→ **EXERCISE**: For every entry below, give an exact repeat and leave out the pictures.

====================

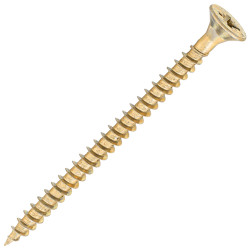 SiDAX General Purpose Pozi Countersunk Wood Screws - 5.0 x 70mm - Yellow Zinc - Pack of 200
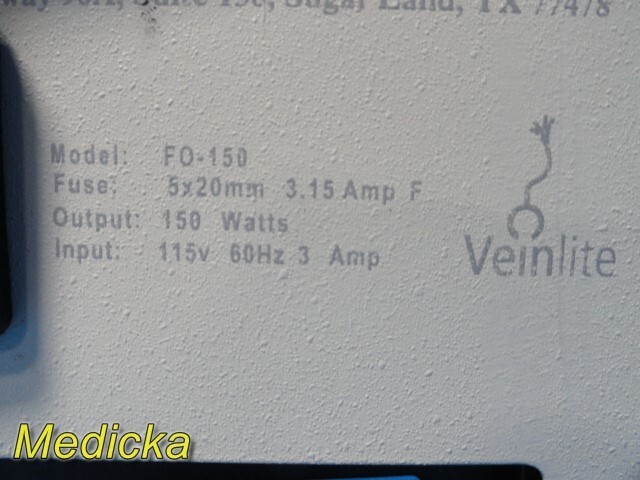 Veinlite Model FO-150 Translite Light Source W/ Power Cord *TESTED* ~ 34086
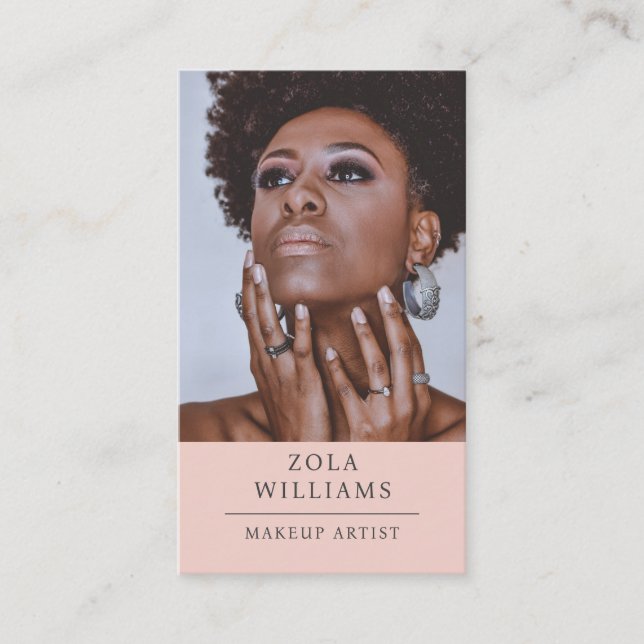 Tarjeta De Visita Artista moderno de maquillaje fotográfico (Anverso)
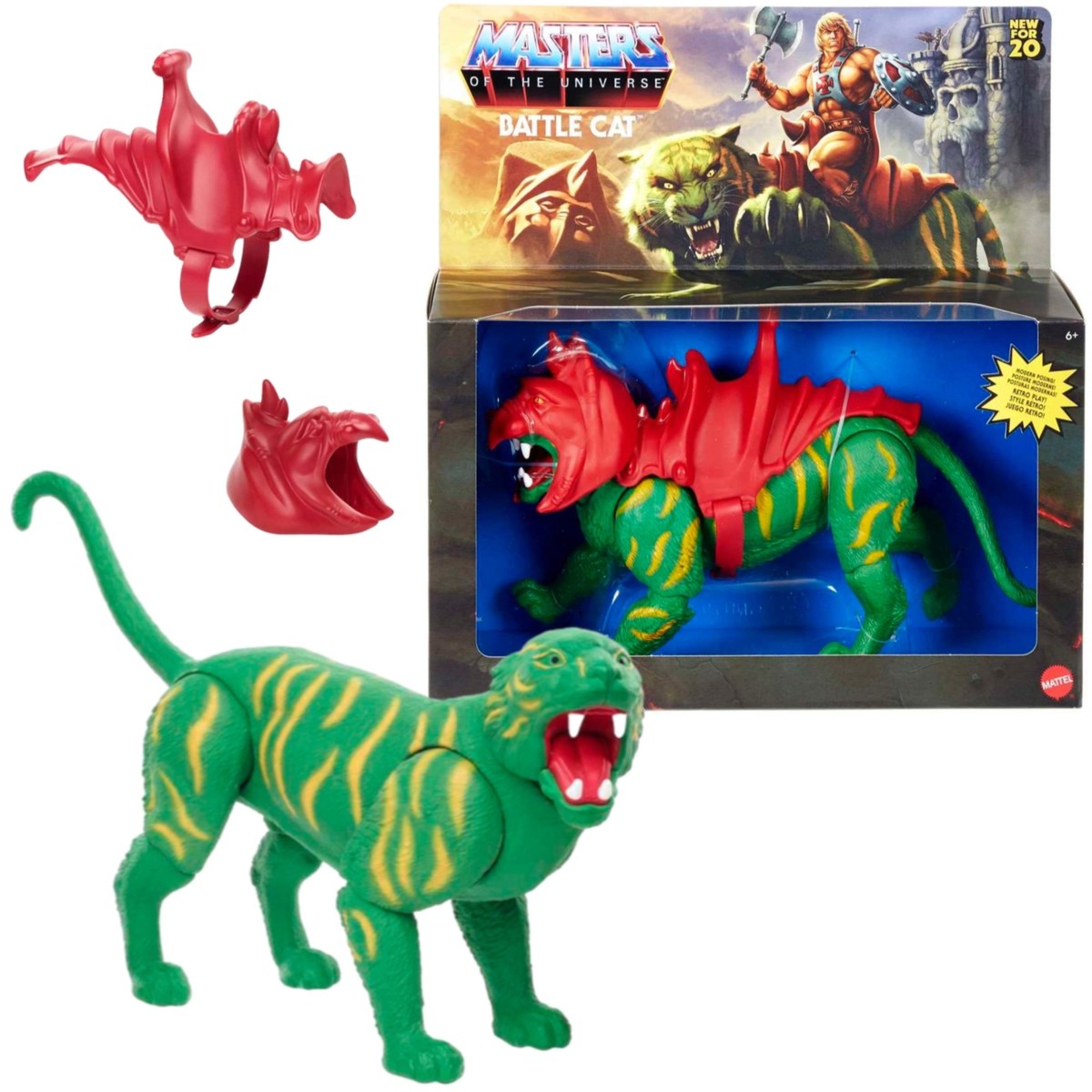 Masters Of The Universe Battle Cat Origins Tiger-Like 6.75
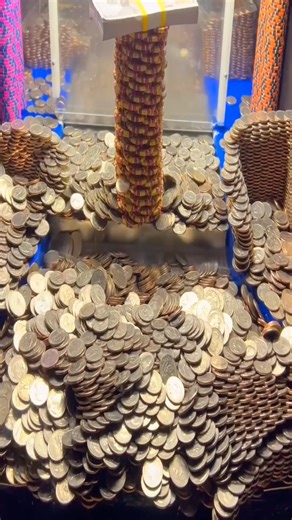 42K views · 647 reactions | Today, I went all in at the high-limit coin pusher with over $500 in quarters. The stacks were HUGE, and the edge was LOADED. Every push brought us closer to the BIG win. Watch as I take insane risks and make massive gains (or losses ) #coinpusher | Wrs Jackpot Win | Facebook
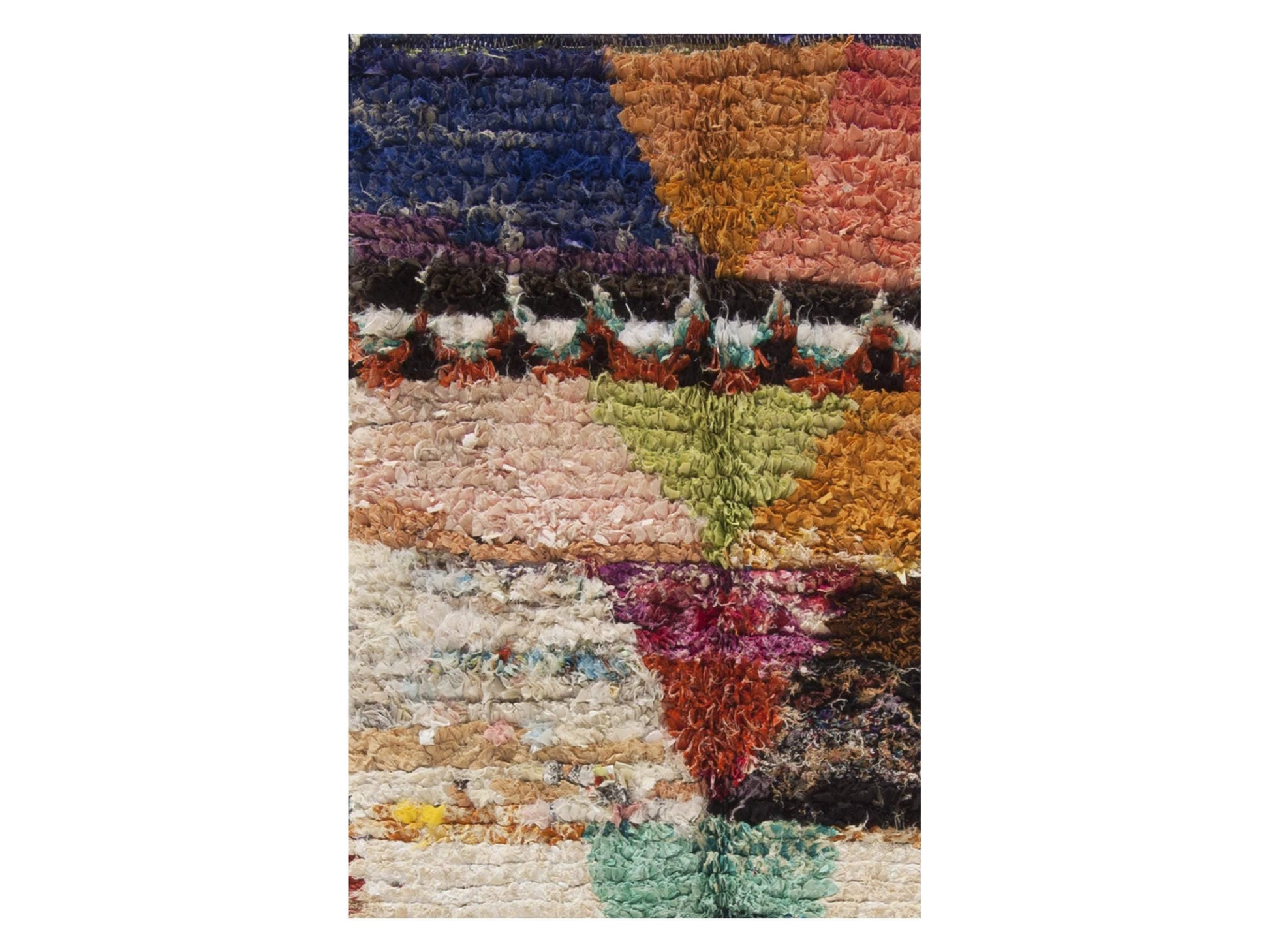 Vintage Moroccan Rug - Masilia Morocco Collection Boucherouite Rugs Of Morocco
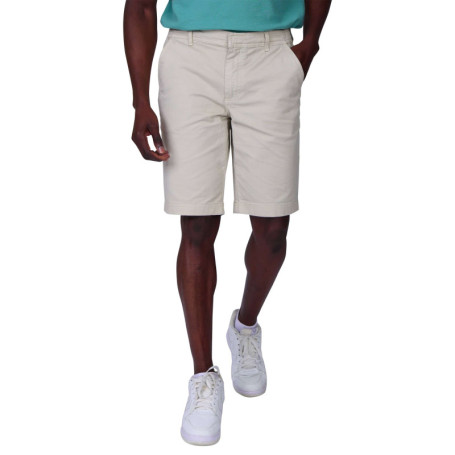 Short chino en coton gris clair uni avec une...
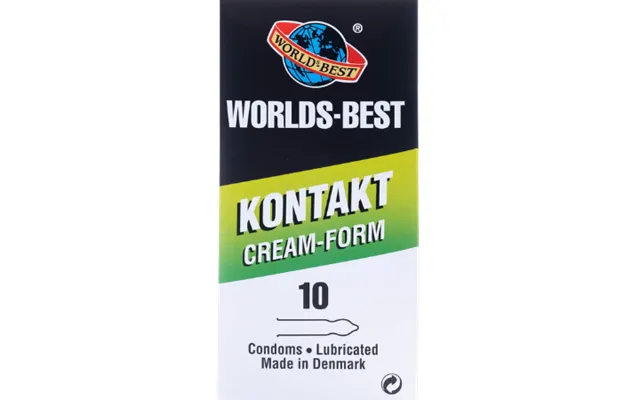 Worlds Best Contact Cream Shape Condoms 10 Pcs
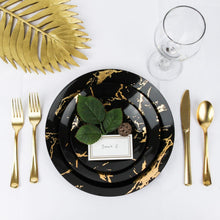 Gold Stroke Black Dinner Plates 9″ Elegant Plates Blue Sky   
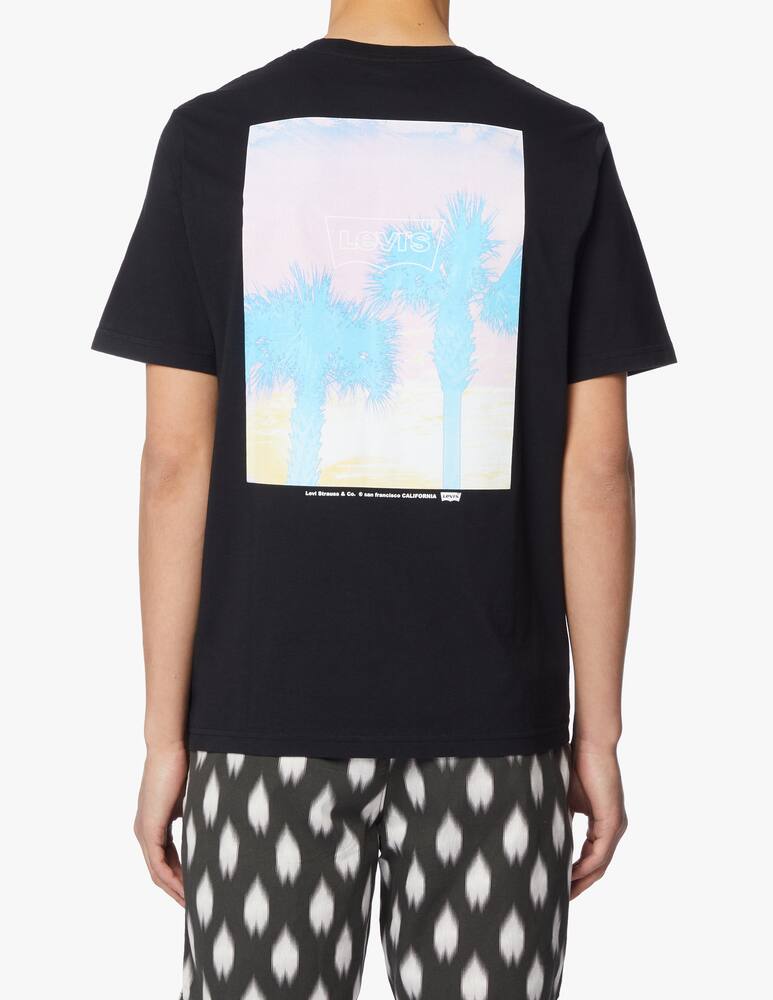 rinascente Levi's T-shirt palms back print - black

====================

→ **ANSWER BELOW**:
 SiDAX General Purpose Pozi Countersunk Wood Screws - 5.0 x 70mm - Yellow Zinc - Pack of 200
 Veinlite Model FO-150 Translite Light Source W/ Power Cord *TESTED* ~ 34086
 Tarjeta De Visita Artista moderno de maquillaje fotográfico (Anverso)
 Masters Of The Universe Battle Cat Origins Tiger-Like 6.75
 42K views · 647 reactions | Today, I went all in at the high-limit coin pusher with over $500 in quarters. The stacks were HUGE, and the edge was LOADED. Every push brought us closer to the BIG win. Watch as I take insane risks and make massive gains (or losses ) #coinpusher | Wrs Jackpot Win | Facebook
 Vintage Moroccan Rug - Masilia Morocco Collection Boucherouite Rugs Of Morocco
 Short chino en coton gris clair uni avec une...
 Worlds Best Contact Cream Shape Condoms 10 Pcs
 Gold Stroke Black Dinner Plates 9″ Elegant Plates Blue Sky   
 rinascente Levi's T-shirt palms back print - black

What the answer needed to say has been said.